WORK TO COMPLETE: Using the data below, show every line where the word "with" occurs.
AVAILABLE DATA START
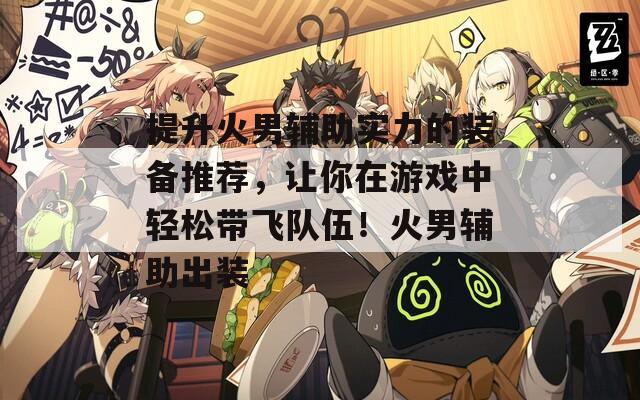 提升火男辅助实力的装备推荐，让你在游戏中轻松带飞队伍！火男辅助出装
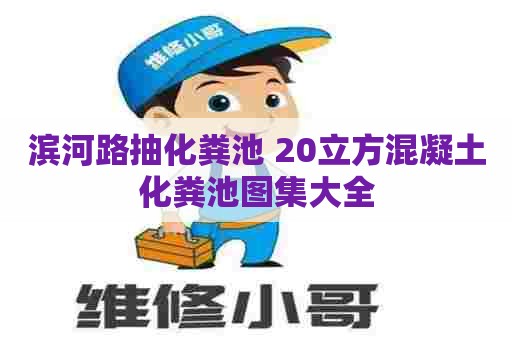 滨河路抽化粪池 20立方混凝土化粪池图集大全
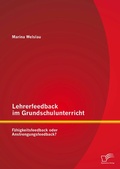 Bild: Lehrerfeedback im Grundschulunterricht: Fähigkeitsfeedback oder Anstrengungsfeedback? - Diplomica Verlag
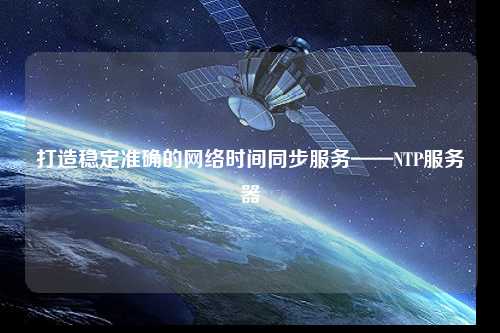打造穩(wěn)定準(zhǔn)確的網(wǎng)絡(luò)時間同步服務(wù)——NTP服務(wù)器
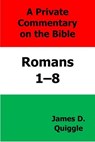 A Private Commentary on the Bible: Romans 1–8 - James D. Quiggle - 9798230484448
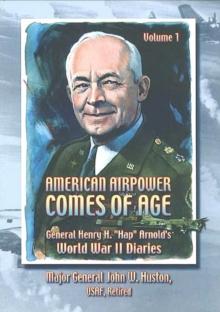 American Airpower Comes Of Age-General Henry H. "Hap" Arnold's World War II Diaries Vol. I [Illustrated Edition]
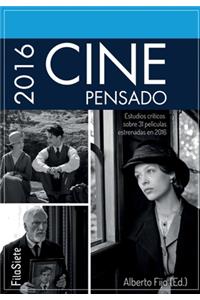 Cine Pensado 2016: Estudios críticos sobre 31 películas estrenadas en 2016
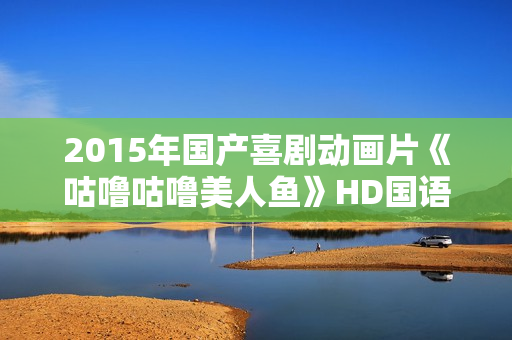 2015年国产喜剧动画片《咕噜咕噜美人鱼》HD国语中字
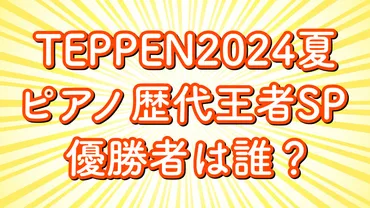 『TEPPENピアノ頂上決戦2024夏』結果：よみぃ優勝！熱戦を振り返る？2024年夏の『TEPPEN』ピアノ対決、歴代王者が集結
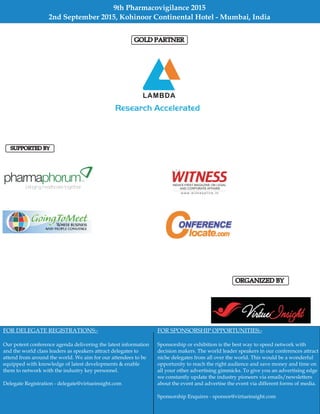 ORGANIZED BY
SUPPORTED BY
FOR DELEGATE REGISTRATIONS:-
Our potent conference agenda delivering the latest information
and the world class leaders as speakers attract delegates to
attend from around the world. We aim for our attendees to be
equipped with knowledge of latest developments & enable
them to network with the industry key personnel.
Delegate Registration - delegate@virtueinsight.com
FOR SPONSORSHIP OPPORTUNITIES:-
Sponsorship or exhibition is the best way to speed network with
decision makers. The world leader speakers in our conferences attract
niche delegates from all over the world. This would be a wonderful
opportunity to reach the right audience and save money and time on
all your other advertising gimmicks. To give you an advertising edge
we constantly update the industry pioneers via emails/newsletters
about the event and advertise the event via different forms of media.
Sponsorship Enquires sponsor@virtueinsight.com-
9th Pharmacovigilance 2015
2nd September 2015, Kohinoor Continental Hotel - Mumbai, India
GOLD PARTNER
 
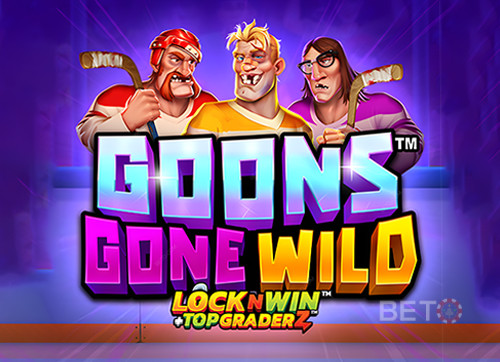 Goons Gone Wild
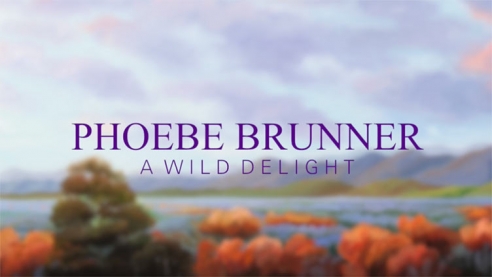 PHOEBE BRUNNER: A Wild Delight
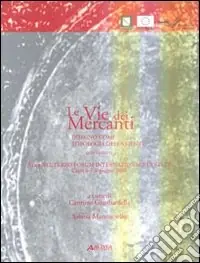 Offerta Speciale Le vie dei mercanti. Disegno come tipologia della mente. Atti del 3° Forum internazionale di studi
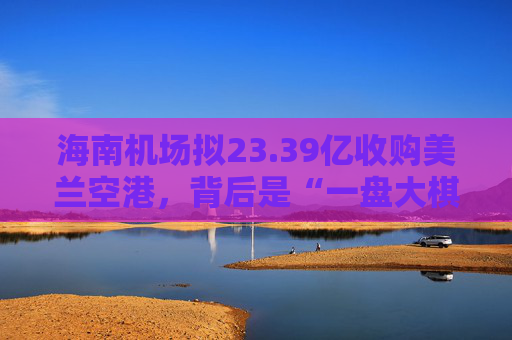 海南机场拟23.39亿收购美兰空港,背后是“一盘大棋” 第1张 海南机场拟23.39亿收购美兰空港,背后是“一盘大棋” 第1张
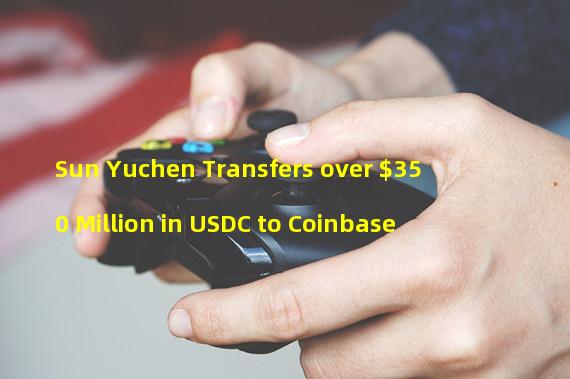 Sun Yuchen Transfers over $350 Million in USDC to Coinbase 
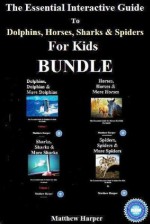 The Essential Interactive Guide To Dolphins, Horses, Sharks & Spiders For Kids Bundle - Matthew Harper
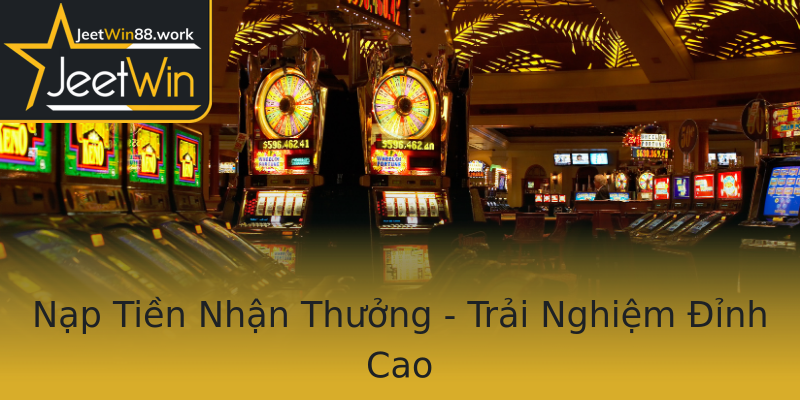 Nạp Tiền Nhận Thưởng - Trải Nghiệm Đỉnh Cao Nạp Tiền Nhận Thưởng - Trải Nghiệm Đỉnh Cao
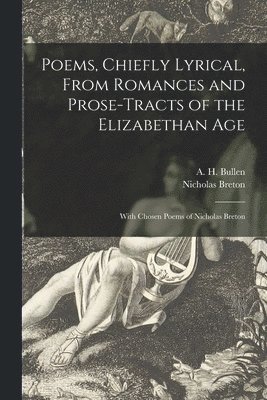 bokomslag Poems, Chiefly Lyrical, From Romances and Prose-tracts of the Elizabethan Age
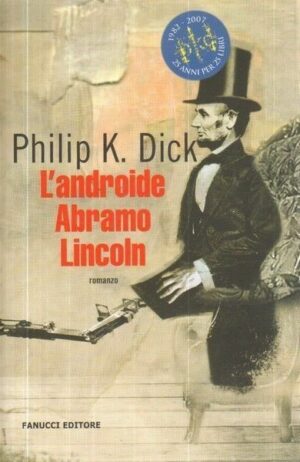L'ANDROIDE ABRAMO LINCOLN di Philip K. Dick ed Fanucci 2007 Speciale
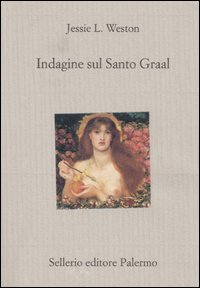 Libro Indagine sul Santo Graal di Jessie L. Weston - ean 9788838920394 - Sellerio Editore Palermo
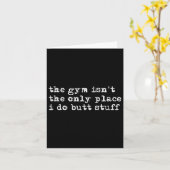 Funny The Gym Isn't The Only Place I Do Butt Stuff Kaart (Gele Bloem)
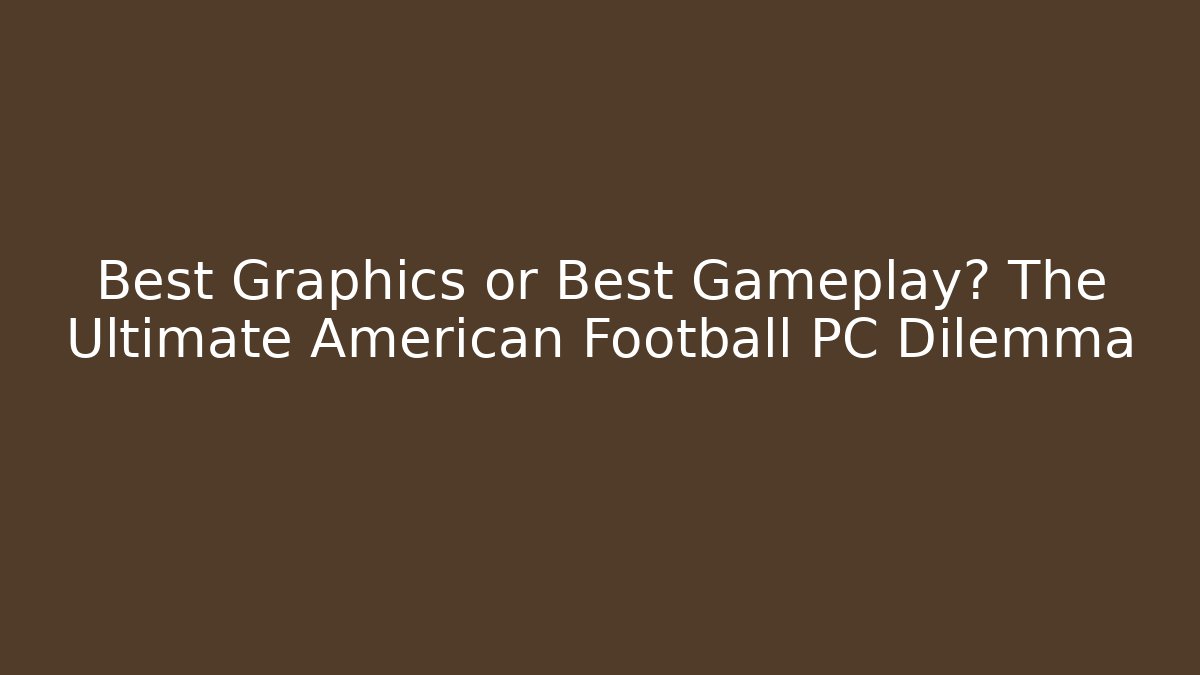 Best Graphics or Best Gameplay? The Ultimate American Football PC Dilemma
AVAILABLE DATA END
EXERCISE SOLUTION:
equipped with knowledge of latest developments & enable
them to network with the industry key personnel.
Sponsorship or exhibition is the best way to speed network with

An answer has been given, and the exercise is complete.